Suppose that I have a Cassandra DB and I need to process a big bunch of data that I can query with a SELECT. The problem is that the processing is too slow and I'd like to use a distributed system to do the work. How can I reshape the CQL query so that I can get only a chunk of the datas?
I know that I can get a limited number of rows using the LIMIT ability of CQL, but I would need something more like LIMIT and OFFSET so that each process can get an independant chunk of data. (Is OFFSET something that will be ultimately implemented in CQL? I've read that it would be inefficient, is that the reason why it is not implemented?)

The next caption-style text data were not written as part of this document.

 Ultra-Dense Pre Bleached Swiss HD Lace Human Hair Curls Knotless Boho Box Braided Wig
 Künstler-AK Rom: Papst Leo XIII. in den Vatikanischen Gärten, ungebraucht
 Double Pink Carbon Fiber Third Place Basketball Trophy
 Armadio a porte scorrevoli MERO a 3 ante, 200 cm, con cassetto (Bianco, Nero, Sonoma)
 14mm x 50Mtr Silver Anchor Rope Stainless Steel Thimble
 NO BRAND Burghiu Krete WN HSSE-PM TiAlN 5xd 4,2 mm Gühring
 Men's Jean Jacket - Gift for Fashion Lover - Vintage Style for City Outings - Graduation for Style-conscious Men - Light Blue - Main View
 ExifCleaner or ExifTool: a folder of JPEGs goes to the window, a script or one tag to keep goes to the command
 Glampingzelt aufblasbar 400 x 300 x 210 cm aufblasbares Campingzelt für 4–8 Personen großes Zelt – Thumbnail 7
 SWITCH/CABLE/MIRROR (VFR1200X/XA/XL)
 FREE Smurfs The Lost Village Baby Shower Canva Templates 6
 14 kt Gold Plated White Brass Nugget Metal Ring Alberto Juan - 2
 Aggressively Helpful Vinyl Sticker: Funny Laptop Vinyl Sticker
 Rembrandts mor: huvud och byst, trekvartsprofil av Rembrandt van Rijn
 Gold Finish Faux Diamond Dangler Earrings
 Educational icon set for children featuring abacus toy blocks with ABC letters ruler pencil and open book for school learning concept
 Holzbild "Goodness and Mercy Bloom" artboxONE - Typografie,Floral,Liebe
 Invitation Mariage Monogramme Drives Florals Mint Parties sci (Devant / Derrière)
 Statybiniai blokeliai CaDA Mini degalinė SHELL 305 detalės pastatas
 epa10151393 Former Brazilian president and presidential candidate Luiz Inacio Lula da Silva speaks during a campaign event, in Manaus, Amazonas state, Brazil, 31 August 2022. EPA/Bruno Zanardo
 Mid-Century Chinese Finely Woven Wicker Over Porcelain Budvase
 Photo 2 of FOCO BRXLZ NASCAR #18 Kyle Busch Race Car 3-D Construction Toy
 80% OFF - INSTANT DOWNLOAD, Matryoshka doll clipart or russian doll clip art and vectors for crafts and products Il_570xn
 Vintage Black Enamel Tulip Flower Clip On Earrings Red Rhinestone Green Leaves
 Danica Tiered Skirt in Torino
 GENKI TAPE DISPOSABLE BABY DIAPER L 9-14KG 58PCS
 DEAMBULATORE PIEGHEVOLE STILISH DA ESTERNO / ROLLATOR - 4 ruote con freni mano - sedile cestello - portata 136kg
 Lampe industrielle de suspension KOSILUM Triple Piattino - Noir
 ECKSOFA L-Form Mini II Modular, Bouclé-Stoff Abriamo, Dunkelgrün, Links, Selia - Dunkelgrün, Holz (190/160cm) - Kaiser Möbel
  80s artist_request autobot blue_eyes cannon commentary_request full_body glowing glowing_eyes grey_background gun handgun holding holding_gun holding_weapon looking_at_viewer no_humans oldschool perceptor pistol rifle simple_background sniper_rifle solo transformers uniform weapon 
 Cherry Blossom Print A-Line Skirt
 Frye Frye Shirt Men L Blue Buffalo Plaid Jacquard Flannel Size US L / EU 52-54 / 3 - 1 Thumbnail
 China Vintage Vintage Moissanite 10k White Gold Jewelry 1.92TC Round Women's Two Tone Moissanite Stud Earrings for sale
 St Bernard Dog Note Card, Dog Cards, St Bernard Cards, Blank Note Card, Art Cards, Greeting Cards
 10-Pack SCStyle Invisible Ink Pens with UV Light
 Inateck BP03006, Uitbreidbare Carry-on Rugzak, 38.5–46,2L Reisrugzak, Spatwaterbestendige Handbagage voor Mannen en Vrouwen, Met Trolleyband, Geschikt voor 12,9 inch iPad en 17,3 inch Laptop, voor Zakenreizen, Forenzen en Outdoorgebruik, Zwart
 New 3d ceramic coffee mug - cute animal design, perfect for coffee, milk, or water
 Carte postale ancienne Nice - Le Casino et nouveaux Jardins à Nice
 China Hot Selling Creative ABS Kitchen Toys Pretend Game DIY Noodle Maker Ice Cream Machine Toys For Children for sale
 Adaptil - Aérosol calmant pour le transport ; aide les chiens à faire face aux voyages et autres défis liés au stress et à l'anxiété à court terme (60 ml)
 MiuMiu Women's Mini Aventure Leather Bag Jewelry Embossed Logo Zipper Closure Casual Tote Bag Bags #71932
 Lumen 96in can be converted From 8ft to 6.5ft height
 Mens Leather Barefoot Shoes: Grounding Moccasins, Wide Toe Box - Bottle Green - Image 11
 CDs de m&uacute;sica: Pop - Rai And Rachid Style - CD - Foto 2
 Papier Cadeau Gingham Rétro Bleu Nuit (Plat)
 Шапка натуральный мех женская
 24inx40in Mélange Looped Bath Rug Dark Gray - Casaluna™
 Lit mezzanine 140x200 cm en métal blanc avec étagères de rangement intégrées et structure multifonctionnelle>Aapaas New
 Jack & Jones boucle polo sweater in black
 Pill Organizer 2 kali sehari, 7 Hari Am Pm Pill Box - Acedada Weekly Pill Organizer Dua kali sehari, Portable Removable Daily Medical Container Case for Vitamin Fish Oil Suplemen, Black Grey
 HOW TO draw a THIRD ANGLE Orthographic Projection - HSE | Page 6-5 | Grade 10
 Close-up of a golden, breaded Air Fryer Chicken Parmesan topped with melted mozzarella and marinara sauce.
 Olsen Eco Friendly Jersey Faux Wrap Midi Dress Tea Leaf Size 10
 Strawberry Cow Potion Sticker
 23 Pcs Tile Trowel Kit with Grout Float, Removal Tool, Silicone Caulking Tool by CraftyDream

I would like to avoid waiting for the end of a query to start the next one, as suggested in Cassandra pagination: How to use get_slice to query a Cassandra 1.2 database from Python using the cql library. This would keep processes idle while waiting for the previous queries to complete.
As example, suppose that I'd like to process weather data and for the moment, my table looks like (I could use other data type for the storage, such as timeuuid for time, this is just a dummy problem):
CREATE TABLE weather_data (
station varchar,
date varchar,
time varchar,
value double,
PRIMARY KEY ( (station,date), time )
);
For a given station and date, I'd like to create chunks of data (based on time). I can suppose that I know how many measures I have for each station and date.
If the right answer is "change the structure of the table", I would be glad to see how to modify it.